Quello scambio diretto ha reso il live uno degli aspetti che oggi sente più vicini al suo modo di essere. Ci racconta che per lui il teatro è stato quasi un secondo salto nel vuoto, ma oggi è una delle cose che preferisce fare per il contatto diretto con il pubblico, perché riesce a creare uno scambio autentico. Alla fine, sul palco è esattamente come nei video: spontaneo, naturale e senza maschere.

Space Patty e la nuova generazione di creator-imprenditori

Negli ultimi anni sempre più creator stanno trasformando la propria creatività in progetti imprenditoriali concreti. Con Space Patty, DADDA e Riccardo Dose hanno deciso di entrare nel mondo del food con un format giovane, riconoscibile e fortemente legato alla loro identità; l’idea nasce proprio da quell’esperienza accumulata nel tempo, tra contenuti, viaggi e scoperta di nuove realtà.

Il progetto nasce da una passione che ci accompagna da sempre. In questi anni abbiamo girato tantissimi posti, provato ristoranti, street food e realtà completamente diverse tra loro. Attraverso i nostri contenuti abbiamo vissuto il mondo del food da tantissimi punti di vista e, a un certo punto, ci siamo chiesti perché non creare qualcosa di nostro.

Dietro Space Patty, però, non c’è solo il desiderio di seguire un trend, ma la volontà di costruire un progetto duraturo e strutturato:

Così è nato Space Patty: un format giovane, creativo e diverso dal solito, con un’identità molto forte anche a livello visivo. Ovviamente dietro c’è un team di professionisti e persone competenti che lavorano insieme a noi ogni giorno. Per noi non è un semplice “trend”, ma un progetto in cui stiamo investendo, anche a livello umano.

Restare con i piedi per terra

Nonostante il successo, DADDA continua a raccontarsi con la semplicità di chi non dimentica da dove è partito, ed è proprio questa consapevolezza a guidarlo anche oggi.

Credo di aver mantenuto la stessa mentalità di quando lavoravo in magazzino. La lezione più importante che ho imparato è di vivere tutto con gratitudine e senza dare nulla per scontato.

Il suo percorso non è stato costruito inseguendo a tutti i costi la notorietà, ma vivendo ogni occasione con spontaneità.

Io questo percorso non l’ho cercato a tutti i costi: è arrivato nella mia vita in modo naturale e forse è anche per questo che riesco a viverlo con equilibrio.
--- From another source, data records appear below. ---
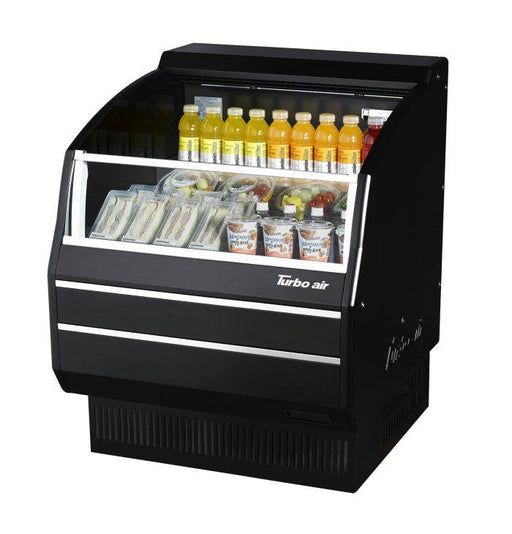 Turbo Air TOM-30SB-SP-N 28" Black Horizontal Refrigerated Open Curtain Merchandiser w/ Stainless Steel Interior – Slim Line, 115v - Donut-Supplies.Com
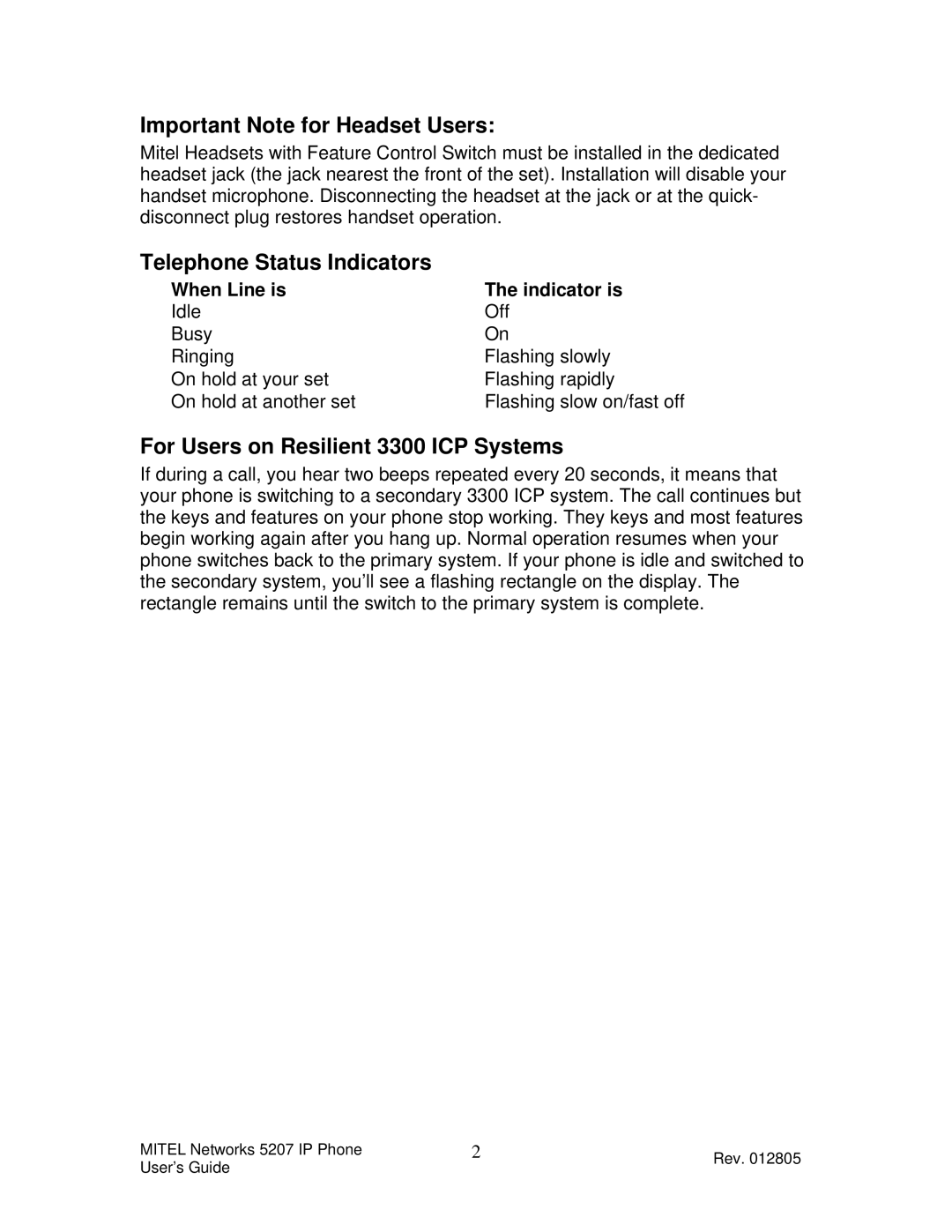 Mitel 5207 manual Important Note for Headset Users, Telephone Status Indicators, For Users on Resilient 3300 ICP Systems 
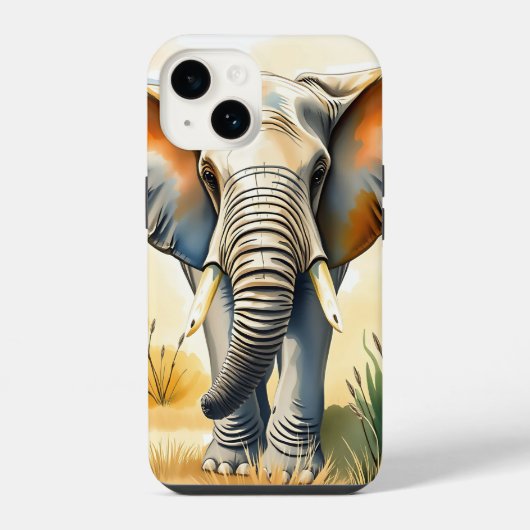 Aquarell-Elefant Nahaufnahme iPhone Hülle (Rückseite)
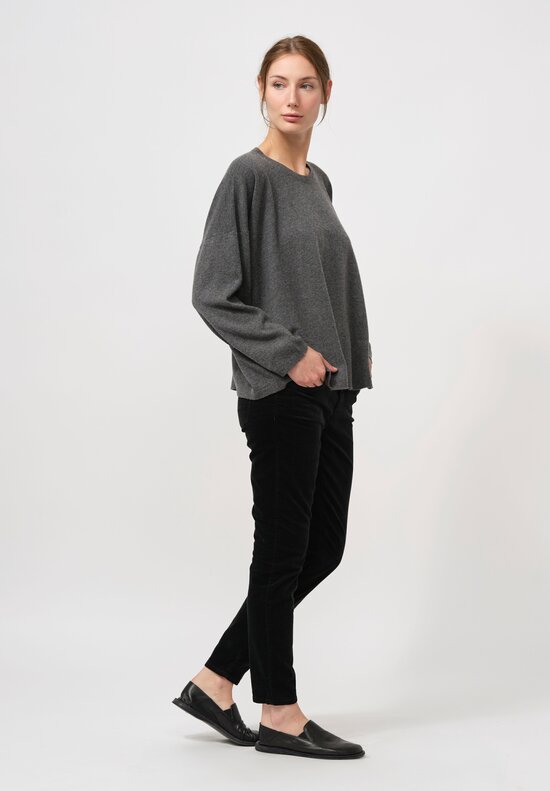 Hania Cashmere Short Crewneck Sweater in Derby Grey	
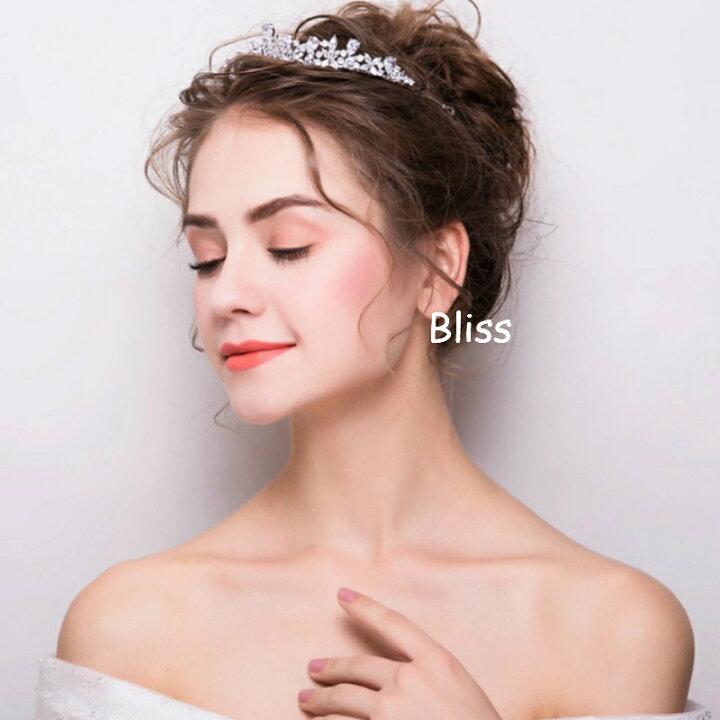 マーキス形ラインストーンが輝く花冠のティアラ ゴールド ヘッドドレス 髪飾り ウェディング 結婚式 女の子 アクセサリー ティアラ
So benissimo da dove arrivo e credo che questo mi aiuti a restare con i piedi per terra, anche oggi.

Tra contenuti, palco e nuovi sogni

Guardando al futuro, DADDA immagina la sua vita ancora divisa tra intrattenimento, teatro e imprenditoria. Ma c’è anche un sogno più personale che continua ad accompagnarlo fin da bambino: la musica.

Se devo parlare di un sogno vero, direi la musica. Fin da bambino ho sempre amato cantare e suonare, e il teatro mi ha dato la possibilità di portare anche questa parte di me sul palco. Mi piacerebbe un giorno pubblicare una mia canzone e vedere le persone cantarla insieme a me. Sarebbe qualcosa di davvero speciale.

E forse, un giorno, quel sogno potrebbe diventare realtà.

Una spontaneità che continua a fare la differenza

In un panorama digitale sempre più costruito, DADDA continua a distinguersi per la sua autenticità. Che sia davanti a una telecamera, sul palco o dietro un progetto imprenditoriale, il filo conduttore resta sempre lo stesso: raccontarsi senza maschere e creare connessioni vere con le persone, ed è probabilmente proprio questo il motivo per cui, oggi, la sua community continua a crescere insieme a lui.